We are always on the watch for new and exciting sustainable ideas happening in and around the Detroit area and this is the latest quiet story….. Element Electronics.  For those of you not in the know, Element has created and is selling a made in America, environmentally sustainable LED TV.  Check out the story:

CES 2012: Element Electronics will make TVs in the U.S.
Jan 12, 2012 11:30 AM

Element, a value-priced TV brand you may have noticed during promotional selling times such as Black Friday, is doing something few other TV manufacturers would dare: It’s going to start making its televisions in the U.S.

The company also announced at CES that the new TVs will sport premium sound systems from JBL as part of a deal with Harman, JBL’s parent company.

Starting in March, the company will start cranking out TVs from a new flat-screen facility in Detroit, Michigan, making it the only company currently assembling TVs in the United States. While everyone assumes that labor costs here make that prohibitively expensive, Element Electronics is gambling that by shortening the supply chain—the time and cost of bringing fully assembled TVs to the U.S. from China or other offshore factories and suppliers—it can remain cost-competitive while being able to react faster to changing market conditions here in the States.

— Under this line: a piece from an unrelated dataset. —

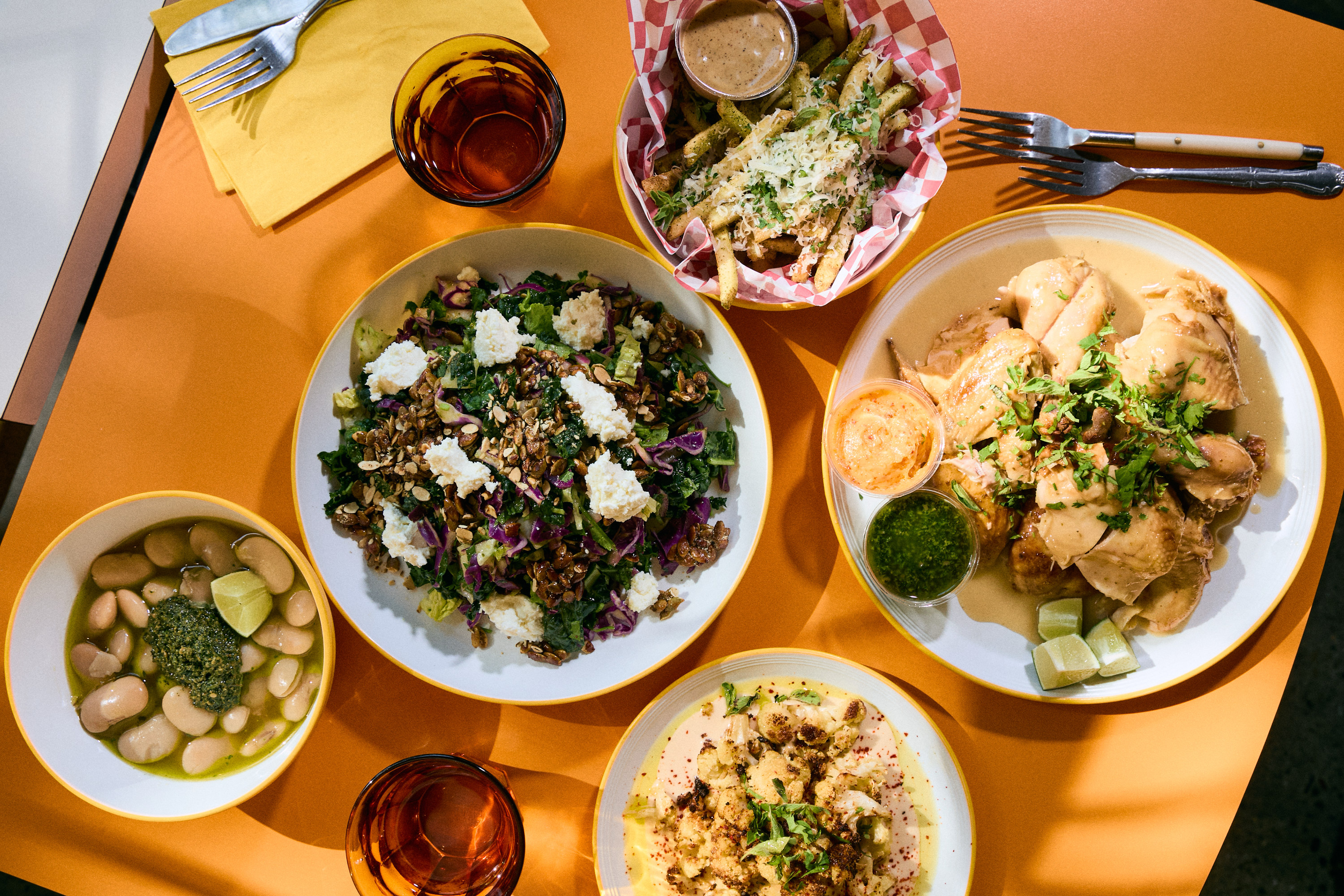 A vibrant table with roasted chicken, colorful salad, fries with sauce, beans, and two drinks on an orange surface with cutlery and napkins.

But there’s also a little patriotic pride in being able to bring work to the U.S. while many other manufacturing-type jobs leave the country, says Element Electronics president Mike O’Shaughnessy, who believes that global economic trends will make American production more viable over time.

The company says it can produce larger-sized LCD TVs, including those with LED backlights, here in the States for about the same price as those made in China. The company will focus on LCD TVs in the 46-, 50-, 65-, and 70-inch screen sizes, with a mix of both CCFL and LED backlights. TV features will include 120/240Hz anti-blur technology, 3D, and Internet capability.

The JBL by Harmon partnership will result in a co-branded TV line with integrated soundbar-style premium sound systems that use JBL drivers designed to create big sound from smaller speakers, the company says.

Please check them out at:  http:// http://www.elementelectronics.com  and tell the folks you know about them and let’s start to recreate Detroit and Michigan.

Element TVs are currently available in storefront retailers such as Target, Walmart ,and Costco retail, as well as through some online retailers and via QVC.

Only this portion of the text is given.